Helping people with "broken" sorting

dg-pb · September 12, 2025, 3:52pm

Incorporated that as well. Hopefully did not break anything else.

Inconsistency: A==B and B==C, but not C==A
    A @ 0 = [@ 0] x
    B @ 1 = [@ 1] y
    C @ 2 = [@ 2] z

tim.one · September 12, 2025, 5:24pm

Franklinvp:

tim.one:
>>> sorted([{1, 5}, {1}, {3, 4}])
[{1}, {3, 4}, {1, 5}]
What do you think it “must” produce? That, or something else?
They used stable as part of the assumptions of their statement. Under that assumption, and with respect to each input list, their statement (the entire original post, not just the quoted part) is correct. {1, 5} and {3, 4} being incomparable, should have stayed in the original relative position.

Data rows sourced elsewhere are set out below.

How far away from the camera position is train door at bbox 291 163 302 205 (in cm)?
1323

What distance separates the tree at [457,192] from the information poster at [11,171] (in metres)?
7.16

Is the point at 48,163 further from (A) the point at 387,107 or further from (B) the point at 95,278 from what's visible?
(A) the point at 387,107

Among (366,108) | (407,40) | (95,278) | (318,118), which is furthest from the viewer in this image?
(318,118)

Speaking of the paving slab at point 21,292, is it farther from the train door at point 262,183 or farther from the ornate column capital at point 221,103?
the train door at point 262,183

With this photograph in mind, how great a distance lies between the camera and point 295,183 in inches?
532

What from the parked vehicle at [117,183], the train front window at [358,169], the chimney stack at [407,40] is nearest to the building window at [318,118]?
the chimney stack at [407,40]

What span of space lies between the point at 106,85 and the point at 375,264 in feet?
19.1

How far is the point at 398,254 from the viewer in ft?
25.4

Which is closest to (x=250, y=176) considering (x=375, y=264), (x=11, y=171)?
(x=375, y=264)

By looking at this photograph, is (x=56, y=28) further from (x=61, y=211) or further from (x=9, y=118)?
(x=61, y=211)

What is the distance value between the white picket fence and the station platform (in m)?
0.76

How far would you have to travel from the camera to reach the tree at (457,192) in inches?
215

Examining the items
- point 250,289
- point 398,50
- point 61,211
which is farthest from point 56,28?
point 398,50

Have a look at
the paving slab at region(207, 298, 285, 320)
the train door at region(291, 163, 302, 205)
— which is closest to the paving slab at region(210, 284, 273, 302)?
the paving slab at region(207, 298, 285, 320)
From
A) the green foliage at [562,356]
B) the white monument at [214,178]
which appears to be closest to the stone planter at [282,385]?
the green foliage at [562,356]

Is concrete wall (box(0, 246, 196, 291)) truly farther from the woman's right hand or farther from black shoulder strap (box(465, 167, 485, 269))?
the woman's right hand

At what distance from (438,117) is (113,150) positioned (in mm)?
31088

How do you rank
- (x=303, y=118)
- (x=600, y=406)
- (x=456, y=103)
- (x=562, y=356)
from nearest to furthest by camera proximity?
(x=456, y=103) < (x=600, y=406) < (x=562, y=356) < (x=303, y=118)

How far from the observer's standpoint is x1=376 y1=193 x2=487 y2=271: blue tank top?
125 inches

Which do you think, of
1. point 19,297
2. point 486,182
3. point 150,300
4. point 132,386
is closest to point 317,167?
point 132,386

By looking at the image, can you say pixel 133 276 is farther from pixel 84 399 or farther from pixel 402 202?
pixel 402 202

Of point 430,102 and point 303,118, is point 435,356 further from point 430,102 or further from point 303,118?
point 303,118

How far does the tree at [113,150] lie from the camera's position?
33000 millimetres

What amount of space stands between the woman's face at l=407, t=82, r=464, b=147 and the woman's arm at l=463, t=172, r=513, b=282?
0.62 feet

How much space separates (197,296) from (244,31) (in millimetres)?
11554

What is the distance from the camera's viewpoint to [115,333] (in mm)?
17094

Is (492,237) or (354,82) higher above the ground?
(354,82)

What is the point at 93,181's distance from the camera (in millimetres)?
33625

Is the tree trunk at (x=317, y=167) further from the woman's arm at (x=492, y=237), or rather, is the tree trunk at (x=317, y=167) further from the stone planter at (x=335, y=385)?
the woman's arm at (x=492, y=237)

Which I explicitly acknowledged in the post you’re replying to:

and went on to explain why that’s a non-starter. It’s not, and never has been, Python’s notion of “stiability”. Which relies on preserving the relative order of objects that compare __eq__, which Pyrthon’s sort cannot know for sure, but can only infer from not x < y and not y < x. The notion you’re using has never been met by Python, and I think it very unlikely it ever will be.

We’re only using a relatively small subset of the n^2 possible __lt__ compares (else sorting would be unbearably slow quadratic time at best), so just can’t detect all pairs that are incomparable. When we do detect an incomparable pair (in the sense of neither being < than the other), that’s taken as implying equality. Which is true under a total order, and from A > B == C it’s fine to conclude that [B, C, A] is sorted (which is what happens in the example you echoed at the start). A and C are never compared to each other directly in that example.

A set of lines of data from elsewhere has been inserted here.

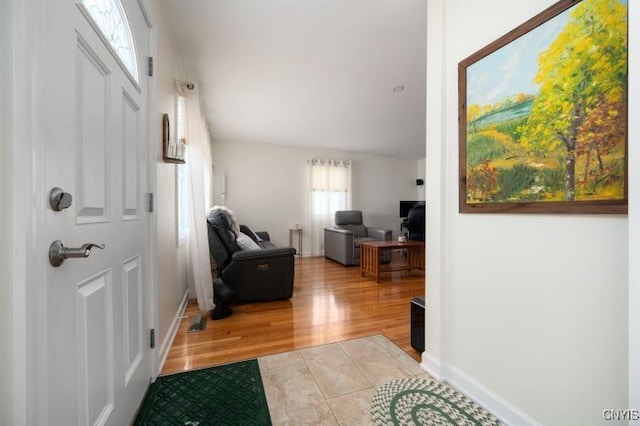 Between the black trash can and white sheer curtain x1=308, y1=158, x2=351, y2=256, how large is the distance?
12.2ft

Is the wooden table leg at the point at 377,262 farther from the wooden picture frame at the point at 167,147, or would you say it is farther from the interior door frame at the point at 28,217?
the interior door frame at the point at 28,217

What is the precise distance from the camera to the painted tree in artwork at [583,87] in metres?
0.86

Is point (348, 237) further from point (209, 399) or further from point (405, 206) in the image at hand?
point (209, 399)

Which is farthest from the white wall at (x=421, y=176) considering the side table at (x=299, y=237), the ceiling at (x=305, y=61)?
the side table at (x=299, y=237)

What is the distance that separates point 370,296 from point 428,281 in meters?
1.46

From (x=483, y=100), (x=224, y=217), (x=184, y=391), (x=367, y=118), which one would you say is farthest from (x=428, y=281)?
(x=367, y=118)

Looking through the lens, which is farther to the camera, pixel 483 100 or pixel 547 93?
pixel 483 100

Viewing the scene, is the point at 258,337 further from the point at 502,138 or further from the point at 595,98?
the point at 595,98

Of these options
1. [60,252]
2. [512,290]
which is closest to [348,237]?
[512,290]

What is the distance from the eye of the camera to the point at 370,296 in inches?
116

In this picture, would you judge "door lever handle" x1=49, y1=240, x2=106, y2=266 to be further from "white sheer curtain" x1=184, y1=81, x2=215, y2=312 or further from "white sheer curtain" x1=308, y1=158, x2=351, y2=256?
"white sheer curtain" x1=308, y1=158, x2=351, y2=256

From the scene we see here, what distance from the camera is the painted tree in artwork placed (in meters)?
0.86

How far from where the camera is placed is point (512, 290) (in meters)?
1.17

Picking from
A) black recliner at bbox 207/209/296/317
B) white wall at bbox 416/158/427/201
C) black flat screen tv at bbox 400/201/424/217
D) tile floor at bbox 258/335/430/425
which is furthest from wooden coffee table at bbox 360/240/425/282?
white wall at bbox 416/158/427/201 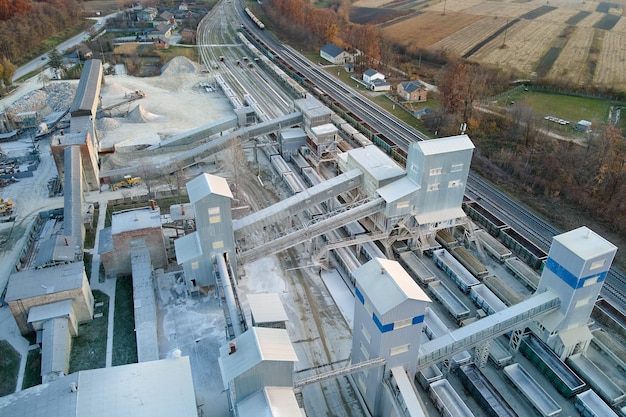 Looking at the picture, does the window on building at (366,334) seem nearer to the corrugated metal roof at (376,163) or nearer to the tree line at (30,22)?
the corrugated metal roof at (376,163)

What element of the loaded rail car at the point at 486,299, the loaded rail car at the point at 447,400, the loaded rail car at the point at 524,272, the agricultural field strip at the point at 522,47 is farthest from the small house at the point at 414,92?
the loaded rail car at the point at 447,400

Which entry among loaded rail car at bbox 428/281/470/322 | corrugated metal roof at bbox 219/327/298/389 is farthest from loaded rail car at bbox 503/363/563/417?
Result: corrugated metal roof at bbox 219/327/298/389

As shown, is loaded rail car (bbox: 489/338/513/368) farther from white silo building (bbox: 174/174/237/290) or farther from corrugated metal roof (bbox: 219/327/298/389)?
white silo building (bbox: 174/174/237/290)

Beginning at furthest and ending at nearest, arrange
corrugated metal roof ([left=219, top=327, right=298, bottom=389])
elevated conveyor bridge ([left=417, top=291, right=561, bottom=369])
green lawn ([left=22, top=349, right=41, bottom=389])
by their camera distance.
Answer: green lawn ([left=22, top=349, right=41, bottom=389]) → elevated conveyor bridge ([left=417, top=291, right=561, bottom=369]) → corrugated metal roof ([left=219, top=327, right=298, bottom=389])

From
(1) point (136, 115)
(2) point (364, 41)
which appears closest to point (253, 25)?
(2) point (364, 41)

Sure, and I also showed that’s what pypy still returns, and explained in detail why CPython and pypy return different results.

While different people have expanded the originally stated goal to different degrees. the original goal of flagging cases where results may change across Python’s releases requires verifying that there’s a total order.. The example I gave is one where the result did change across releases, and set.__lt__ is a strict partial order. Which proves that checking just for the latter is insufficient to meet the most modest goal on the table.

You may want to argue that Python’s sort is itself broken because it doesn’t promise to preserve the order of elements for which none of x < y, y < x, and x == y is true, but Python’s sort has no way to detect that “even in theory”, because it promises not to invoke __eq__. Inferring the last from the failure of the first two is what it does, and always has done (well, before “rich comparisons”, all earlier versions of Python’s sort went through the earlier 3-outcome, all-purpose, __cmp__ comparison, under which it wasn’t possible to violate trichotomy: the result of a compare was always exactly one of {less, equal, greater)).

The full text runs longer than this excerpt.